We have to have a resolution of this problem once and for all. This government has to accept the fact that highly trained professional midwives should have insurance. They should be able to practise in the way that they do in other countries where homebirthing is understood to be an important alternative to births in hospitals. Midwives should not be treated as weird minority women who are more likely to be out knitting jumpers than attending to women’s needs. This is one of the unfortunate stereotypes that you see coming up again and again. I want to commend the midwives who work in my electorate. They are some of the most dedicated and compassionate women I have met anywhere. They have their patients’ and their babies’ futures always very firmly at the front of their minds as they advise and support women through birth.

Midwives and their clients are deeply distressed at the moment about the fact that there is no solution.

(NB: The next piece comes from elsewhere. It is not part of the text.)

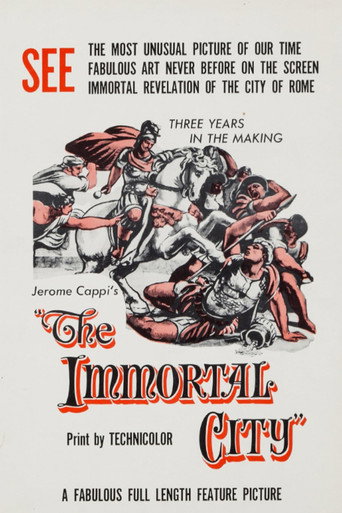The Immortal City movie poster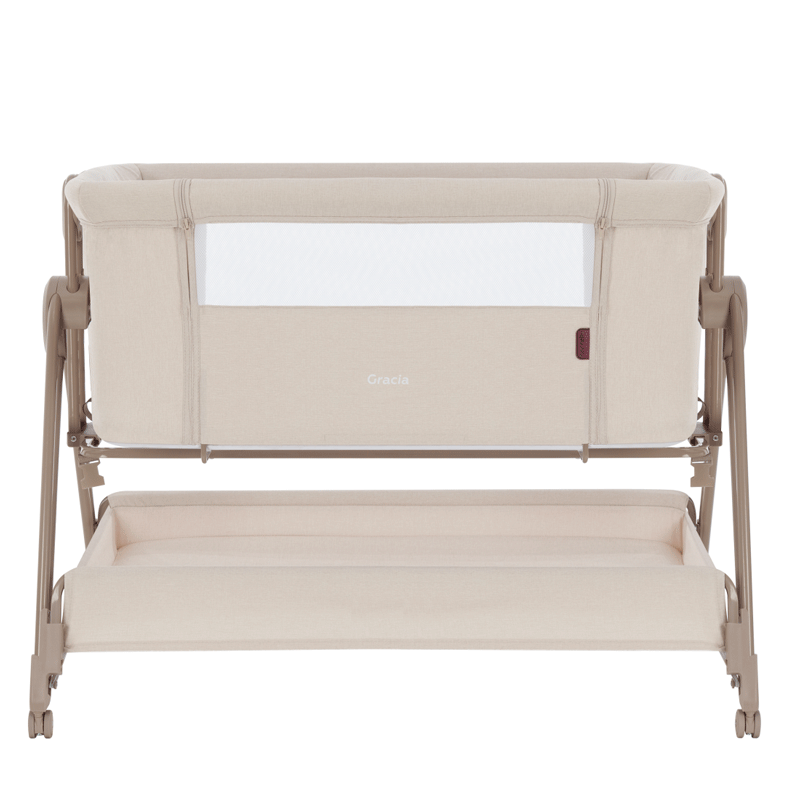 Приставная колыбель Carrello Gracia CRL-16502, Linen Beige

Their choices are now even more seriously limited than they were before. We have no increase in gynecologists, obstetricians or GPs giving birth attention. In our region the numbers in those sorts of practices are declining. I just wish that this government would start to understand what women in this country want, that they would tune in to rural and regional Australia, that they would go out amongst the real people in real communities and understand that there is nothing more distressing for a woman than to have to go and attend a hospital for a birth when perhaps her first experience of a hospital was less than optimal or if she wishes to be surrounded by a supportive partner and others at the time of birth in a home environment. This is a very fundamental issue and I feel that women and midwives have been very much let down by this government. I am surprised; it should have known better.

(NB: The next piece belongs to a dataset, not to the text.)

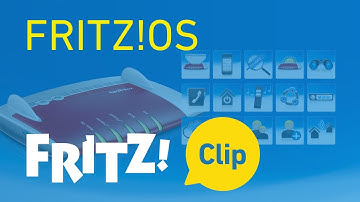 FRITZ! Clip – FRITZ!OS - het besturingssysteem van de FRITZ!Box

A lot of lip-service is paid by the Labor Party to choice in the area of women’s reproductive health but, in this particular circumstance, women have been insulted, their rights have been trampled on, their choice has been severely limited and professional women who practise as midwives have been treated like backyarders with no cares and no skills to pass on to women as they come through one of the most important times of any woman’s life, and that is giving birth to a healthy baby. I have been told by my midwives and by a number of their clients who have had both a hospital and a homebirth experience that, if there is some trauma or distress during the experience of giving birth, in comparing their experience of professional care at a hospital to that of professional care at home, they had a much more supportive experience in the homebirthing situation when there was extra care needed or when some unforeseen difficulty arose. Women in the child-birthing situation felt that they had greater support than the women left in hospitals, often with very little attention or chance to understand what was going on.

This bill is a disappointment. I certainly believe that we are going to see a big change occur in the future in midwives’ rights in the area of insurance. It will be a shame if we have to wait until the next election, when the coalition is restored to government, for those changes to be made. I urge this government to make those changes.